The general makeup of lower-ranked schools’ networks of alumni and industry contacts puts them at a disadvantage in providing graduates with opportunities beyond middle management, Finkelstein says. “It’s an example where the rich get richer,” Finkelstein says. “Once you have a network you can grow that network. For better of for worse, most of the top schools have that. When you go to the second or third tier, they have a network, but that network is mostly middle management.”

Schools below the top tier are not doomed to churn students out into an economy where they will find few jobs, however, Finkelstein says. The USC Marshall School and the University of North Carolina Kenan-Flagler Business School have built strong and productive connections with business in their regions, becoming “big-time players” on a local level but “much less so on a national scale,” he says.

Schools can provide business education targeted at specific industry sectors that gives graduates the skills to accelerate into positions “where they’re actually making stuff happen,” he says.
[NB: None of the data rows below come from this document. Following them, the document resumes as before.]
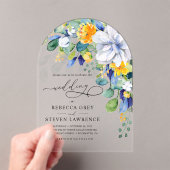 Invitations En Acrylique Elégante arche mariage fleurie jaune blanc (In situ (ordinateur de poche))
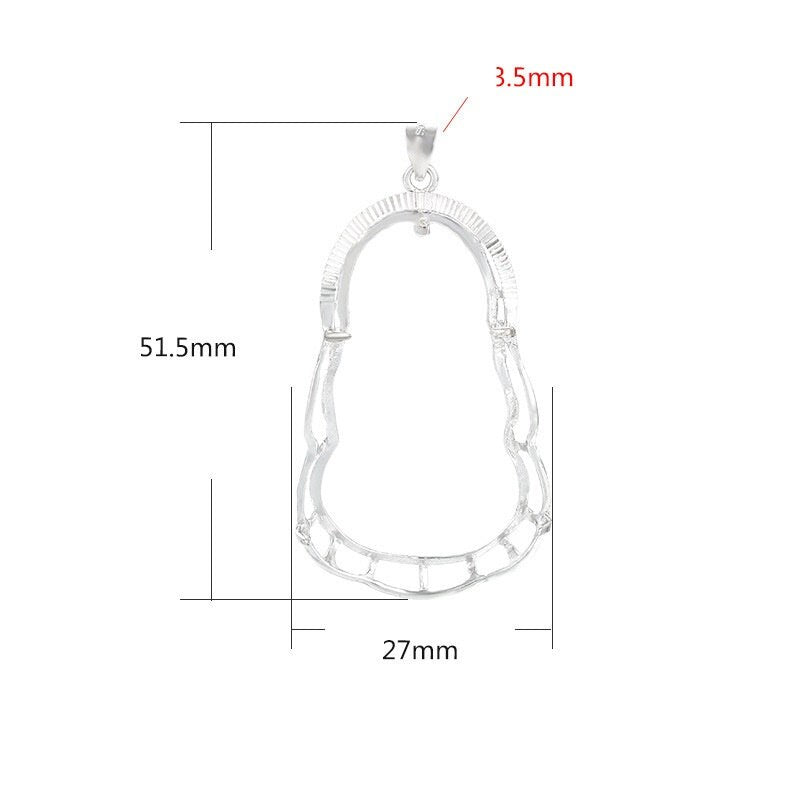 Buddhist Style Pendant Setting Wholesale Sterling Silver White Gold Fine 925 25x41mm For One Stone Gemstone Four Prongs DIY Jewelry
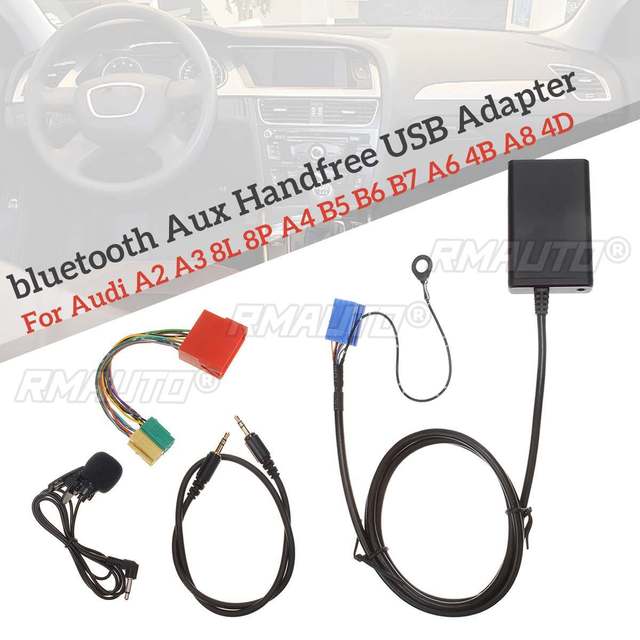 Car bluetooth Aux Handfree USB Adapter Music Audio Aux-in Cable for Audi A3 8L 8P A4 B5-B7 A6 4B A8 4D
Definitions of what constitutes middle management vary, but the Wall Street Journal in 2013 reported that for June of that year, average compensation for the top five U.S. middle management jobs – including positions in fields many MBAs enter, such as engineering, tax, IT, and risk – ranged from $108,000 (risk) to $124,000 (engineering).

GALLUP CEO PRAISES MIDDLE MANAGERS AS KEY TO SUCCESS, PROFIT

In Gallup’s 2013 State of the Global Workplace report, Gallup CEO Jim Clifton wrote an impassioned defense of the role of middle management in promoting employee engagement and boosting profit. “Great managers already know what decades of Gallup research has revealed: Trying to get employees to fix their weaknesses doesn’t work,” Clifton wrote. “Weaknesses can’t be developed much at all – but employees’ strengths can be developed infinitely. “If companies throughout your country hire the right people to lead and actively encourage the engagement of their workforces, economic dominance will be sure to follow.”

Finkelstein may highlight increasing span of control as an indication of shrinking middle management, but Ainslie believes MBA programs’ placement success shows otherwise. “We had fantastic numbers, and we had great numbers last year,” Ainslie says. “People are definitely taking our product.” Ainslie predicts that the next U.S. News business school rankings will support his view. “I pretty much guarantee you that pretty much every business school is going to be reporting higher numbers of employed, and higher salaries,” Ainslie says. “I’m not sure I would want to mess too much with a model that seems to be working pretty well.”